▶ _WHAT NEEDS TO BE DONE_: In the records below, find the line with "画像15: 【MITSUGU SASAKI】日本古布　パッチワーク壁掛け（藍・絣と朱色）" and the line with "迈尔霍芬安吉拉别墅酒店的客厅配有沙发和桌子". Print both exactly, along with every line between them, and no other line.

▶ _DATA IN THIS EXERCISE_:

┌──

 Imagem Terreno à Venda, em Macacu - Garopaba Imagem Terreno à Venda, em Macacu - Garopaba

└──
┌──

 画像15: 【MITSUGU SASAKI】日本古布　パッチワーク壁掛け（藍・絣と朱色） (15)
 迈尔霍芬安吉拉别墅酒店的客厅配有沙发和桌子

└──

▶ _WRITTEN ANSWER_:
 画像15: 【MITSUGU SASAKI】日本古布　パッチワーク壁掛け（藍・絣と朱色） (15)
 迈尔霍芬安吉拉别墅酒店的客厅配有沙发和桌子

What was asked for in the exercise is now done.